GIT is installed
JDK (1.8+) is installed
Scala (2.1+) is installed
Maven is installed
SBT (Scala build tool) is installed
Spark cluster (with 1 master and at least 1 worker) is up and running and accessible
Following environment variables should be set:
SPARK_HOME is set in ~/.bashrc
Steps to setup the project in your local system
GIT CLONE avenir , beymani , chombo , hoidla.

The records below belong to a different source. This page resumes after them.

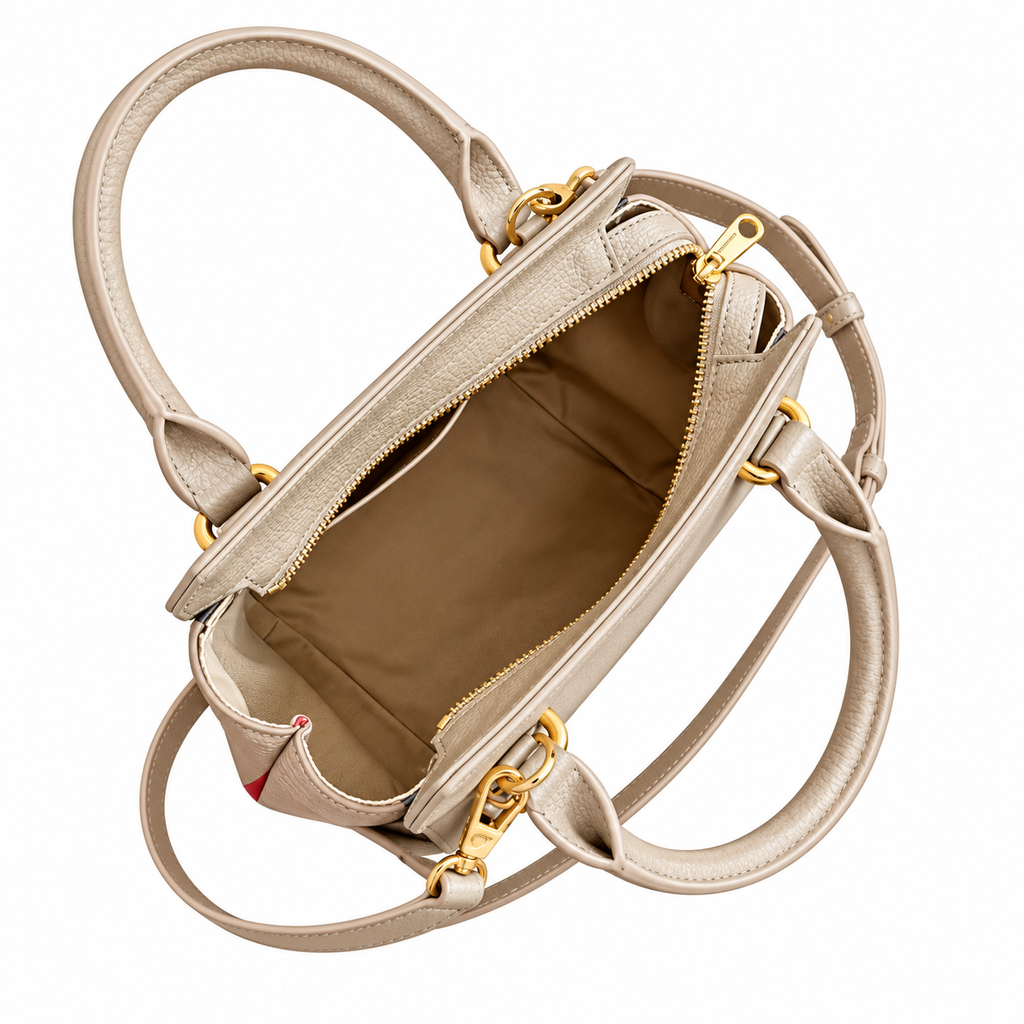 Burberry Cream Check-Panel Top Handle Crossbody
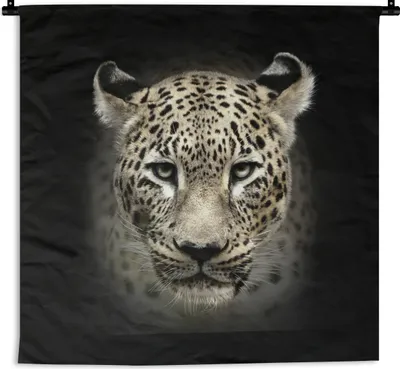 Produktbild von MuchoWow® Wandteppich Wandbehang Leopard - Schwarz - Tiere 150x150 cm Tapisserie Dekoration Wandtuch - Wohnaccessoires - Modernes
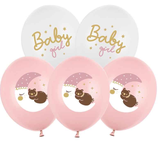 Palloncino in Lattice 12" Orsetto su Luna Rosa "Baby Girl" 6pz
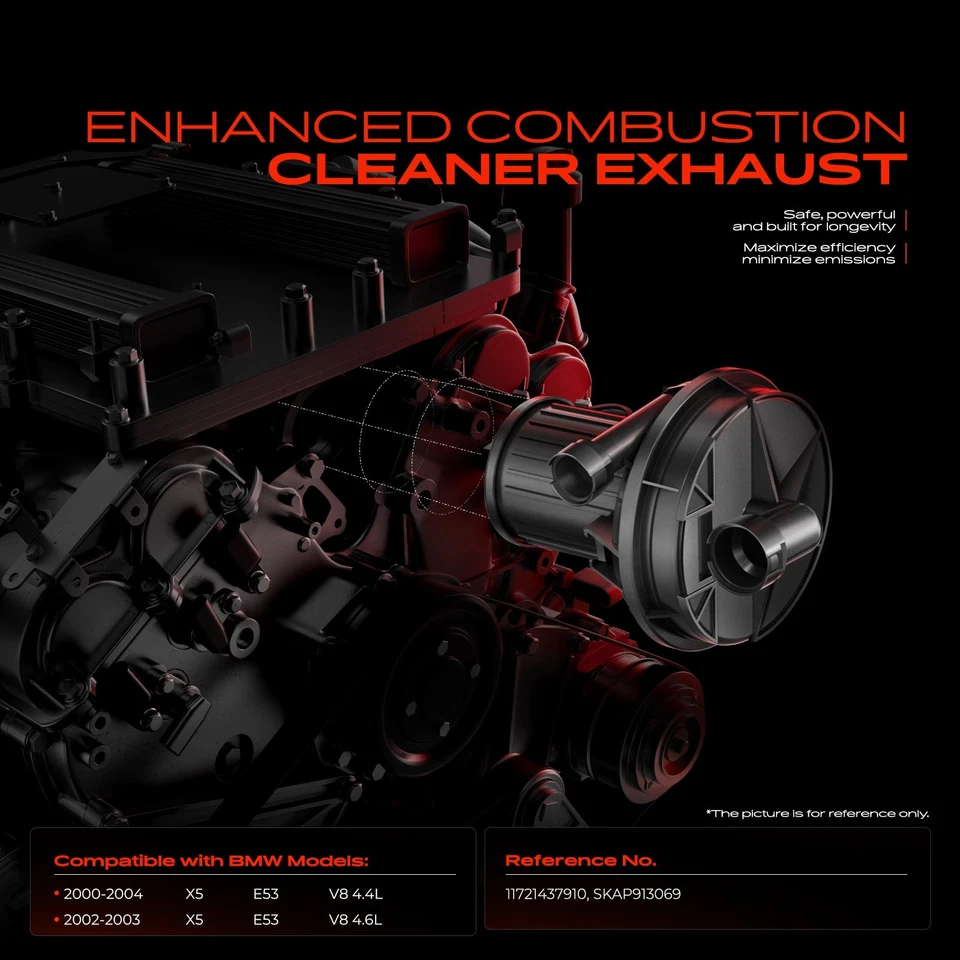 Bomba de inyección de aire secundaria con buje de montaje para BMW E53 X5 2000-2004 4,4 L 4,6 L Foto 2 de 4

Navigate to the folder named hoilda and execute the below commands:
mvn clean install sbt publishLocal
Navigate to the folder named chombo and follow the below sequence:
Build chombo first in master branch with
mvn clean install
sbt publishLocal
Build chombo-spark in chombo/spark directory
sbt clean package
sbt publishLocal
Navigate to the folder named avenir and execute the below command
mvn clean install
Navigate to the folder named beymani and execute the below command
mvn clean install sbt publishLocal
Build beymani-spark in beymani/spark directory
sbt clean package sbt publishLocal
Navigate to the folder named beymani /resource and execute
ant -f beymani_spark.xml
Navigate to the folder named chombo /resource and execute the below command
ant -f chombo_spark.xml
Navigate to the folder named beymani /resource and edit the file to reflect the path in your local system:
Set the project home path ( PROJECT_HOME ) set the spark home path ( SPARK_HOME ) set the master as spark master ( MASTER )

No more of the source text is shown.